Problem description: For this exercise, retype the lines from the one that holds "X0000100880014200807181310" through the one that holds "Okohua Glowworm Cave Adventure - The Sum Up" in the records below, both included, exactly and without pictures.

Data:
----
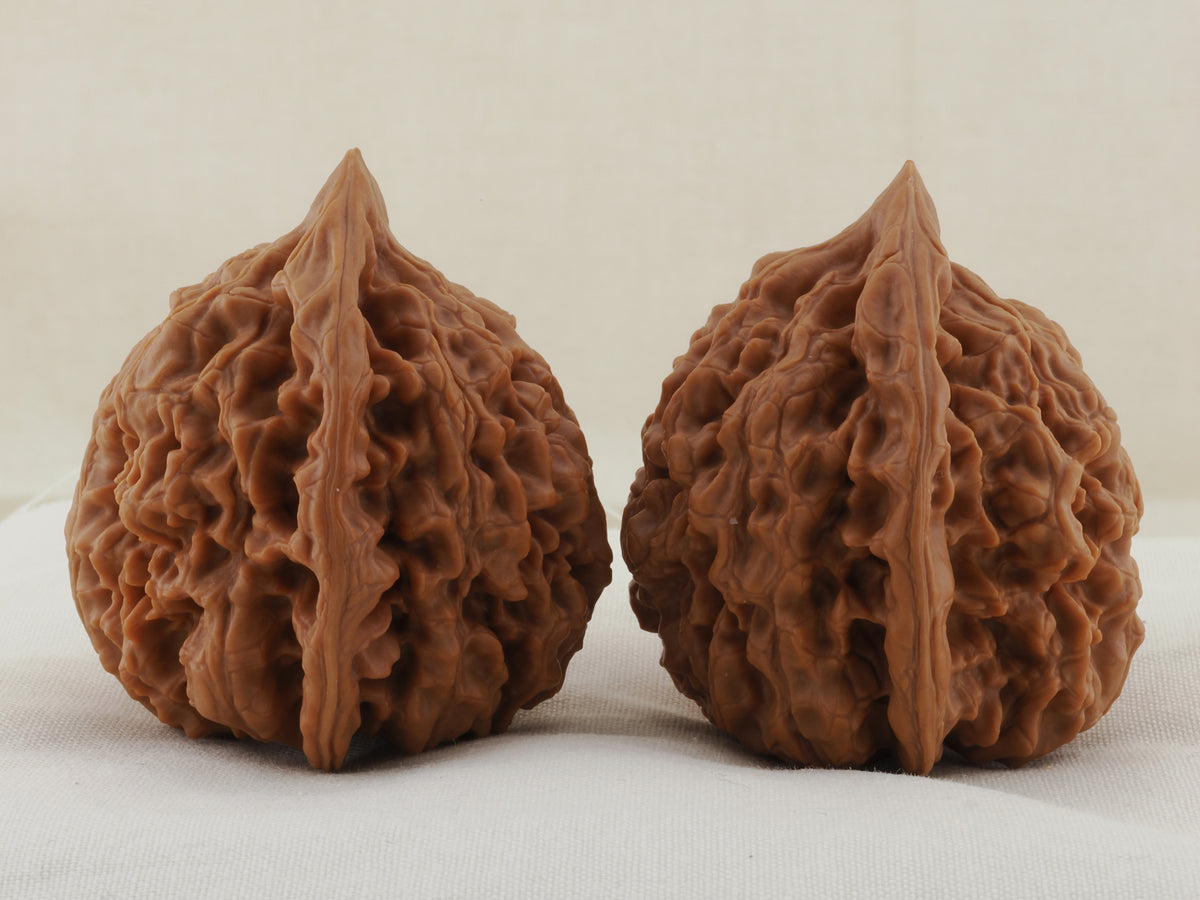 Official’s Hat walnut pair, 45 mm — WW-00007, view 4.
----
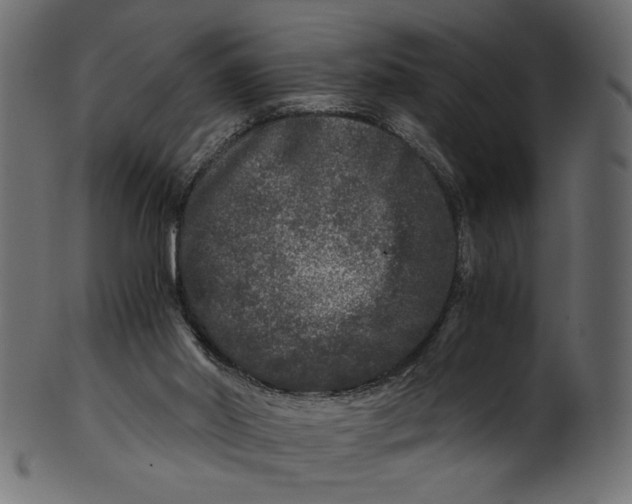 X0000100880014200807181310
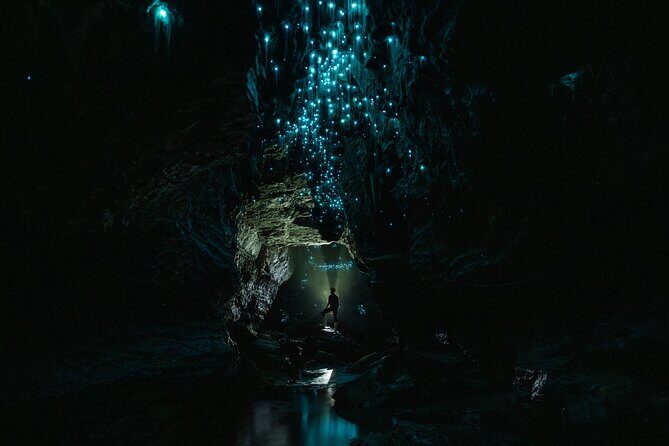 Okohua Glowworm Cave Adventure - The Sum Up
----
Reply to the exercise:
 X0000100880014200807181310
 Okohua Glowworm Cave Adventure - The Sum Up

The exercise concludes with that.